Improvements in computer CPU speeds, implementation of parallel computing, and software enhancements have greatly reduced the computational time needed for complex computer simulations. Computational modeling has therefore evolved from analyses of single models to subject-specific models and population analysis.1, 6, 12, 19, 30, 33 Subject-specific computer models can have clinical potential, for example, in predicting performance and outcomes in individual patients.9, 22, 30 Population models are valuable for generating large cohorts of virtual patients, simulating clinical studies, and permitting statistical analysis.1, 19 Population modeling was efficient in AnyBody; solving 1000 models took approximately 10 hours on a desktop computer. The Python scripting feature facilitated the automation of the generation, modification, and deployment of models and also enabled monitoring and analysis of the results, making it feasible to simulate large populations for statistical analysis. Although we used a desktop computer for simulation and analysis, high-performance computing clusters could easily be leveraged to replicate even larger virtual populations if needed.

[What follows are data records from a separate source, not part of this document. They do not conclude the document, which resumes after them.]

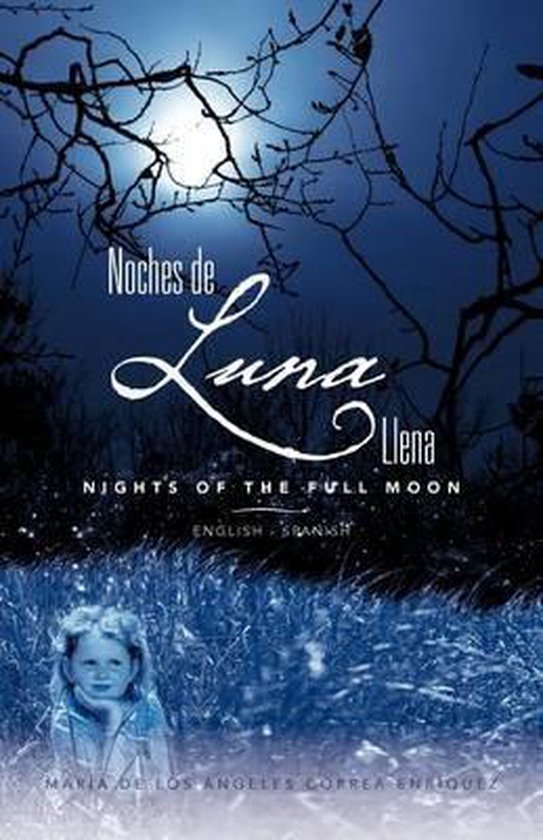 Noches de Luna Llena/ Nights of the Full Moon, Mar a De Los Ngeles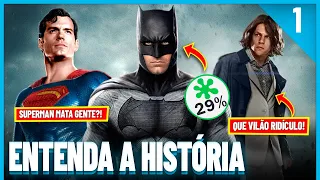 Saga DC | Entenda a História de Todos o Filmes do DCEU | PT.1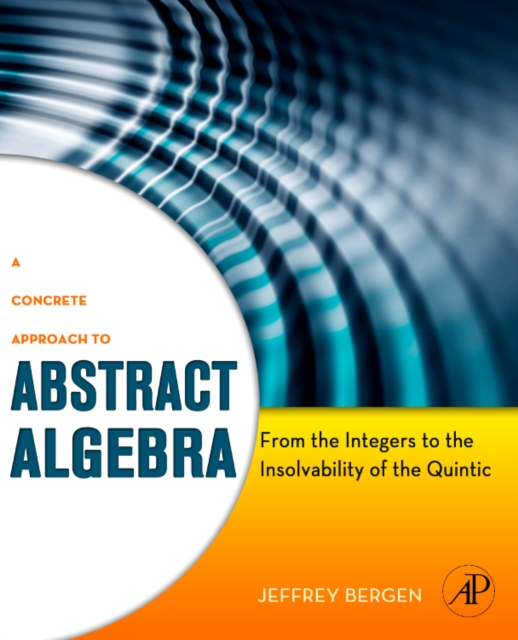 Concrete Approach to Abstract Algebra - Jeffrey (depaul University Bergen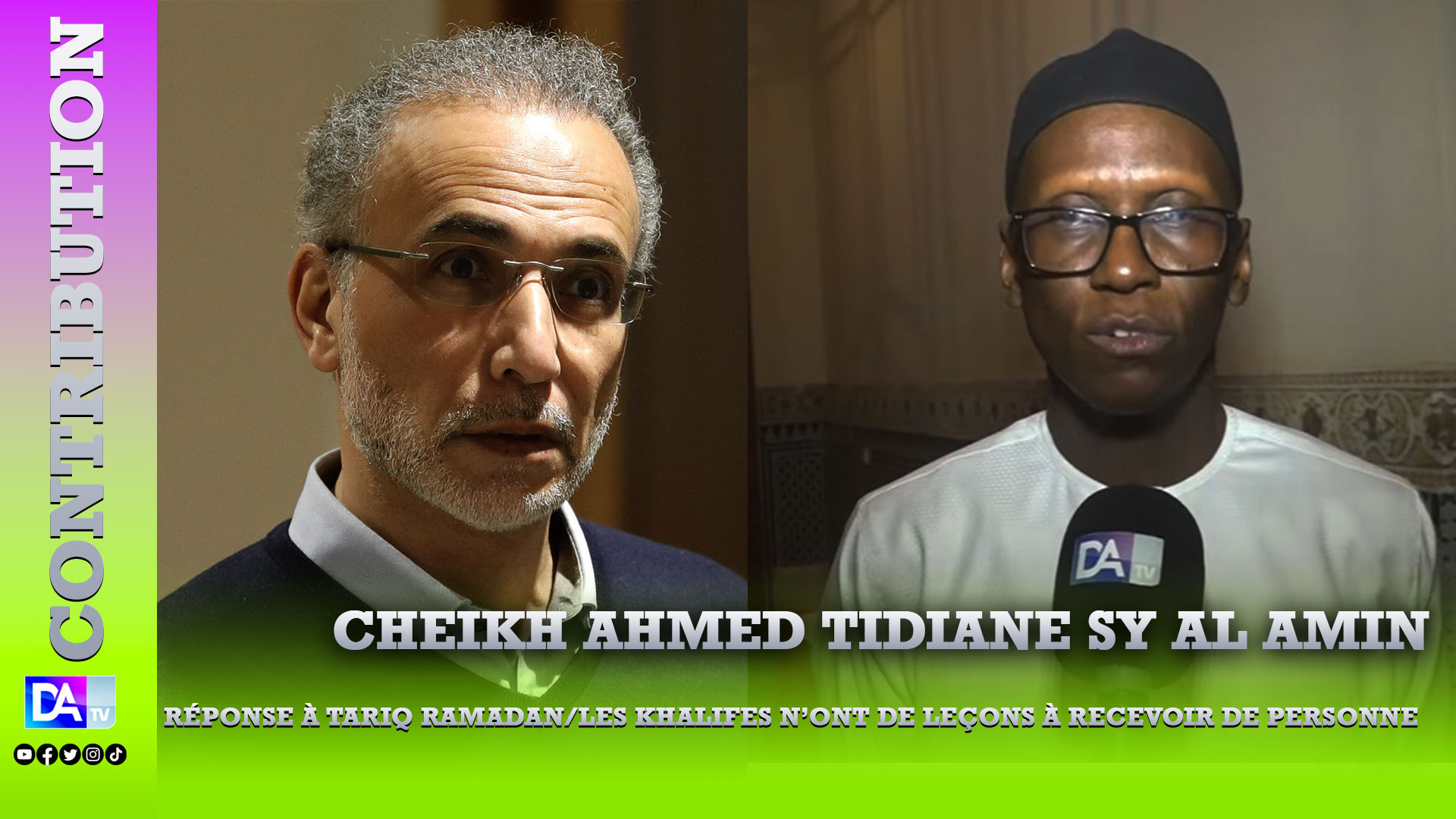 Réponse à Tariq Ramadan :  LES KHALIFES N’ONT DE LEÇONS À RECEVOIR DE PERSONNE (Par Cheikh Ahmed Tidiane Sy Al Amin)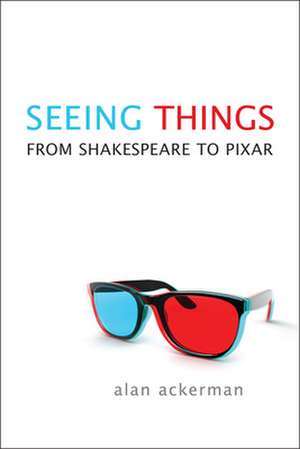 Seeing Things de Alan Ackerman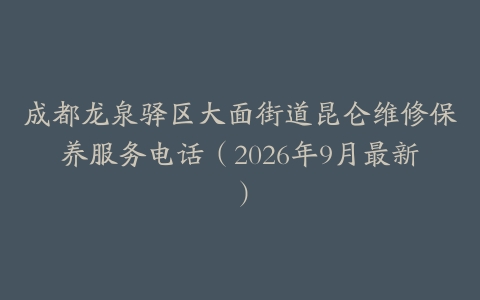 成都龙泉驿区大面街道昆仑维修保养服务电话（2026年9月最新）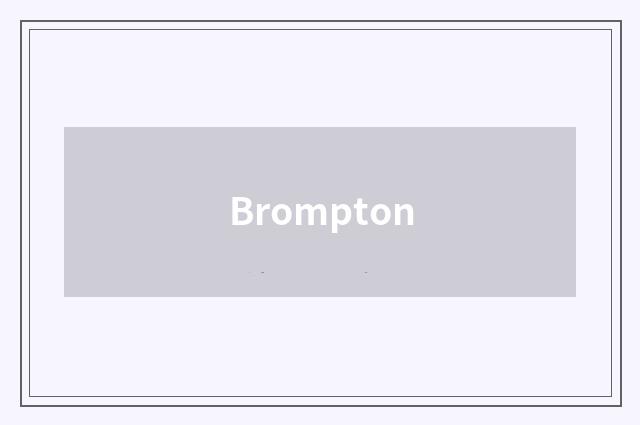 Brompton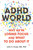 ADHD World (Why We're Losing Focus and What to Do About It) by John S. Kruse, 9781648488146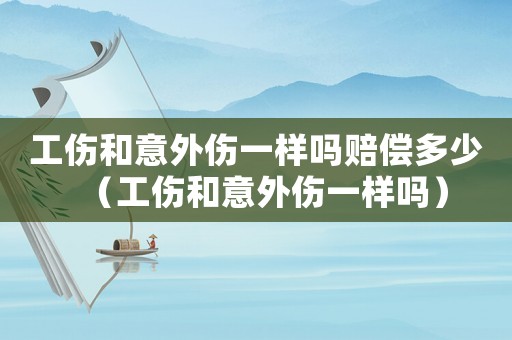 工傷和意外傷一樣嗎賠償多少（工傷和意外傷一樣嗎）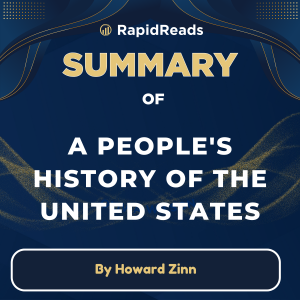 Summary of A People’s History Of The United States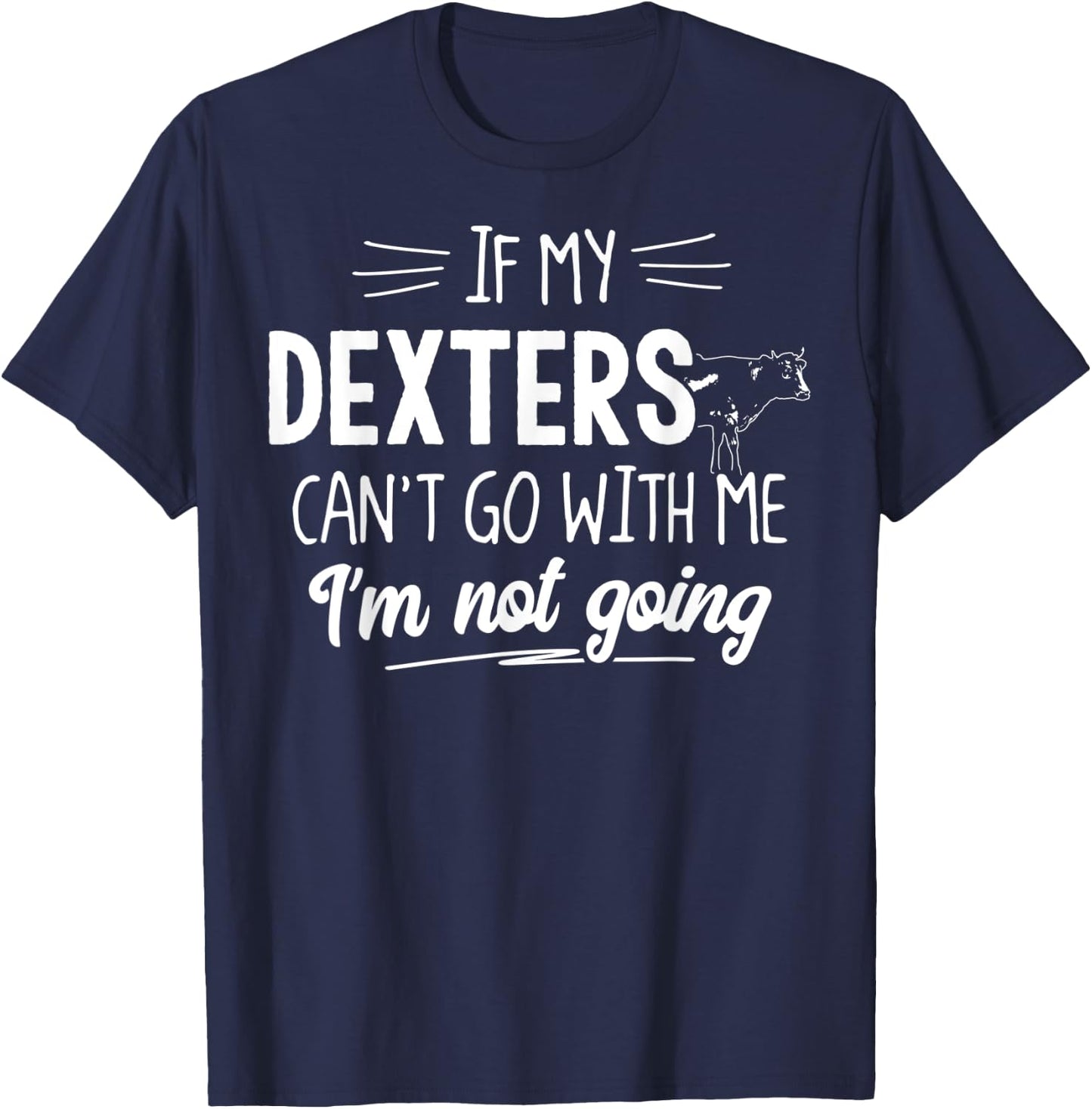 Dexters for Cow - Ich werde nicht. T-Shirt - T-Shirt | Navy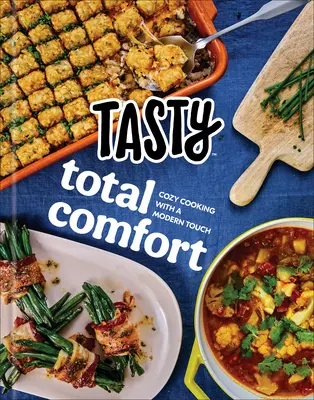 Confort total savuros: Rețete confortabile cu o notă modernă: O carte de bucate oficială Tasty - Tasty Total Comfort: Cozy Recipes with a Modern Touch: An Official Tasty Cookbook
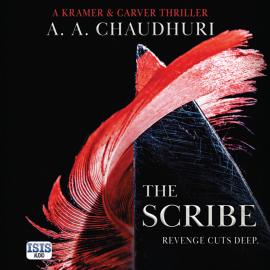 Hörbuch The Scribe  - Autor A.A. Chaudhuri   - gelesen von David Thorpe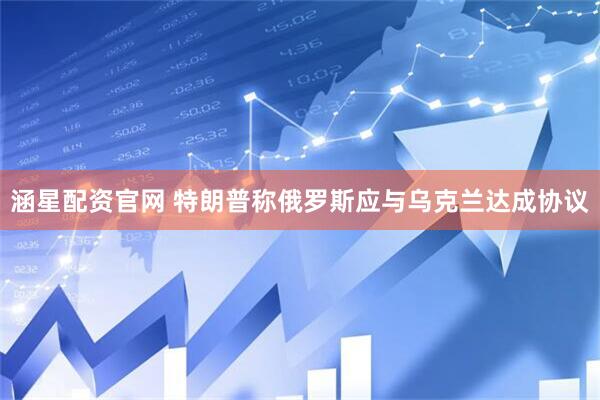 涵星配资官网 特朗普称俄罗斯应与乌克兰达成协议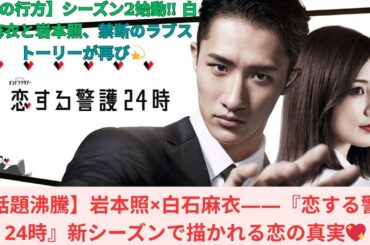 【話題沸騰】岩本照×白石麻衣――『恋する警護24時』新シーズンで描かれる恋の真実💖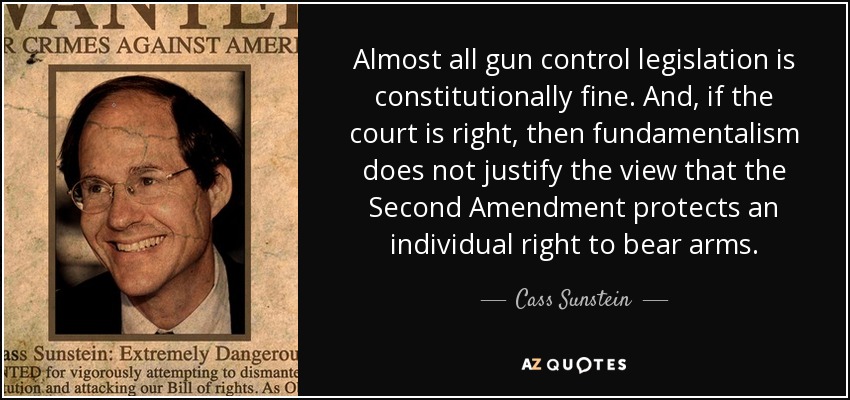 Almost all gun control legislation is constitutionally fine. And, if the court is right, then fundamentalism does not justify the view that the Second Amendment protects an individual right to bear arms. - Cass Sunstein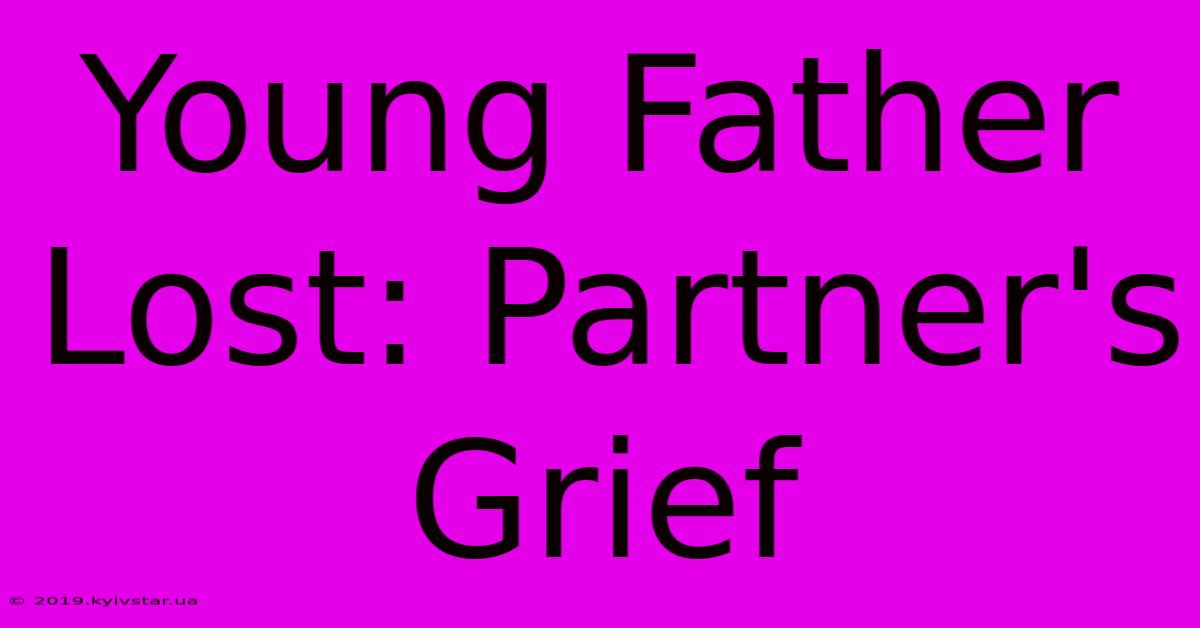 Young Father Lost: Partner's Grief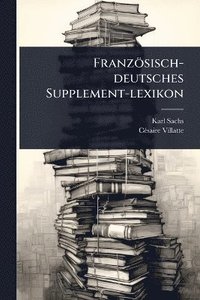 bokomslag Französisch-deutsches Supplement-lexikon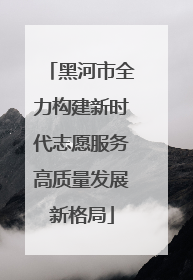 黑河市全力构建新时代志愿服务高质量发展新格局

One weakness of this study was the use of a relatively simple muscle model that did not include muscle force-length activation and contraction velocity. However, our objective was not to accurately simulate muscle activations but to determine sensitivity of glenohumeral joint force to model assumptions. The simpler muscle model works reasonably well for activities with low to moderate contraction velocities. Others have estimated the sensitivity of model output to muscle model parameters.²⁴ We also did not simulate glenohumeral contact; the glenohumeral joint was modeled as a spherical joint. Our interest was mainly on the magnitude of the joint force. The location of glenohumeral contact and the direction of the resultant force vector can be important in the biomechanical analysis of shoulder arthroplasty. Simulating contact is feasible in the AnyBody modeling by using the force-dependent kinematics feature.³⁷ However, implementing that feature significantly increased solution times. Direct validation of predicted muscle forces was not possible, so we compared the predicted glenohumeral joint forces with in vivo measured data with reasonable approximation. Finally, we did not simulate the effects of muscle weakness that can be due to age and disease.

Conclusions

We conducted a population analysis of the sensitivity of joint forces to relevant assumptions in a musculoskeletal model of the shoulder. We found that scapulothoracic motion had a significant influence on glenohumeral joint force. This finding underscores the importance of greater emphasis on more accurately measuring and simulating scapulothoracic motion rather than using regressions to represent average scapulothoracic motion. The advantage of this modeling approach using a virtual population is the feasibility of conducting rapid simulations and generating statistical data.

Disclaimer

The Shaffer Family Foundation provided research funding in support of this study.

The authors, their immediate families, and any research foundations with which they are affiliated have not received any financial payments or other benefits from any commercial entity related to the subject of this article.